Grief
East Hawai'i Cultural Center
Big Island Hawai’i, USA
2021.12 — 2022.01
Solo Exhibition
Curated by Andrzej Kramarz
The last two years of my life have been heavily marked by grief. This grief was felt across two different scales: personal and collective. On the personal scale, I lost my beloved, a death that shook me to the core. Her passing has had such a profound effect that everything seems to revolve around that single event. It clearly has delineated a before and after. This grief cast a blanket over everything, not just coloring the everyday mundane activities, it changed time. The past became a blur, imprecise and further distant. The future is non-existent and the present slowed down until I could hear my own breathe. In doing so, each second became so dense that it suffocated the air, making me focus on the now, the space between breathes.
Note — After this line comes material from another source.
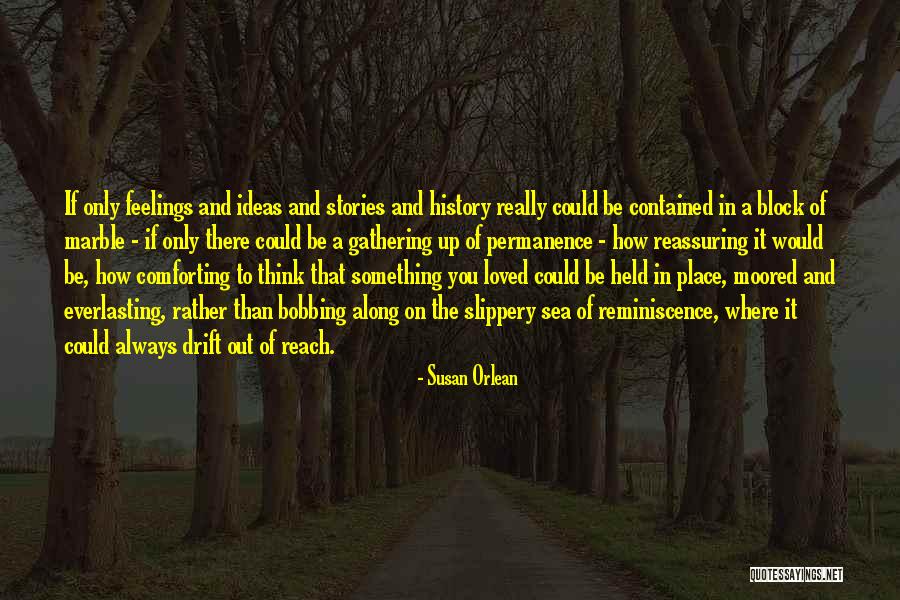 Moored Quotes By Susan Orlean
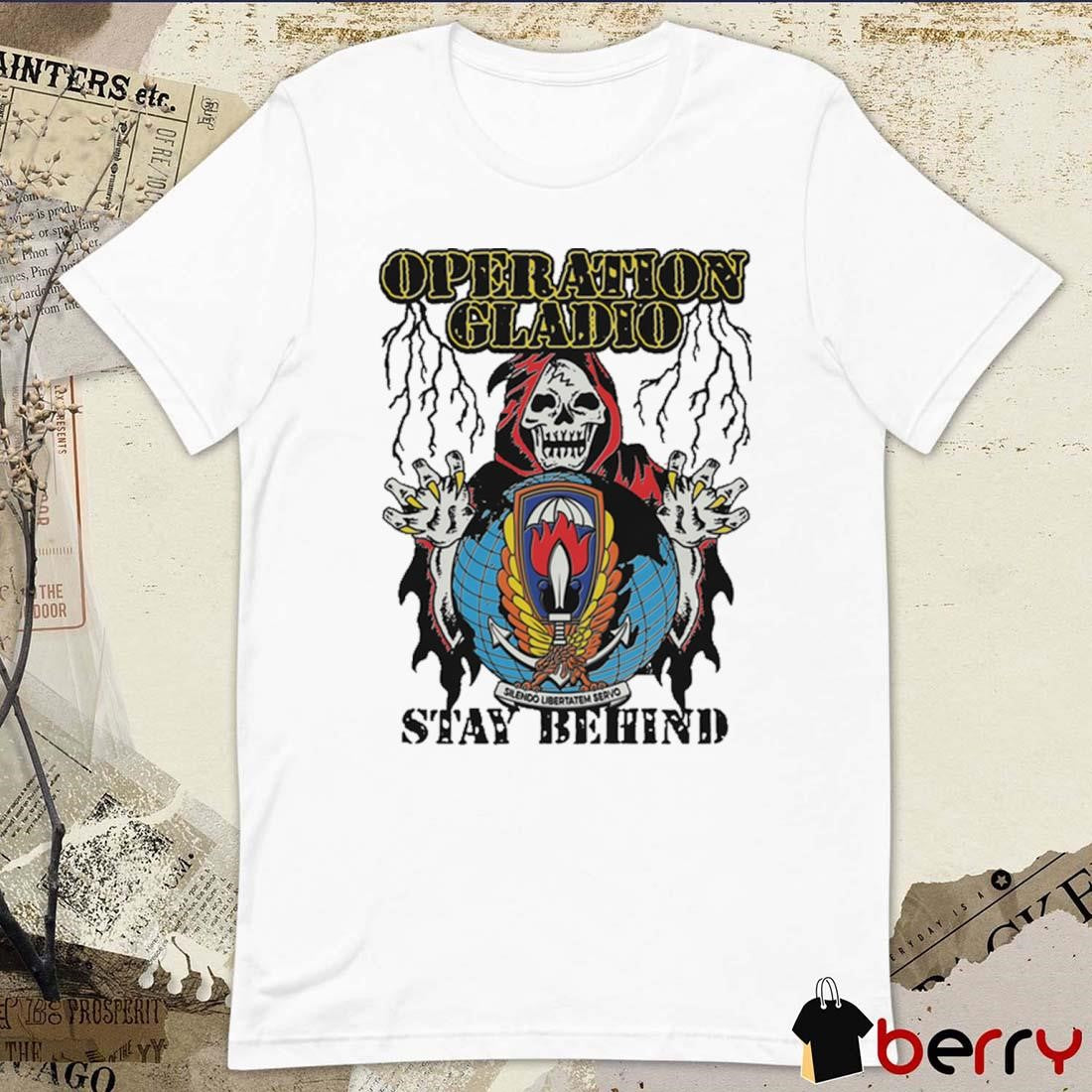 Operation Gladio Stay Behind Silendo Libertatem Servo t-shirt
Inspired by the Japanese tradition of witting jisei (death poems), I looked at how monks had synthesized all of their accumulated wisdom into a single poem. The compact flashpoint of a few lines brought eloquence to the richness of life while diminishing the impending loss they were about to experience. The work I made doesn't provide direct answers, nor are they meant to be deciphered for kernels of knowledge on how to grieve. Perhaps they are better understood as inflection points of insights and emotions that invite contemplation into our own experiences, and as such they bring us together in our collective sense of loss, and therefore embrace our own suffering while reaffirming the life we live.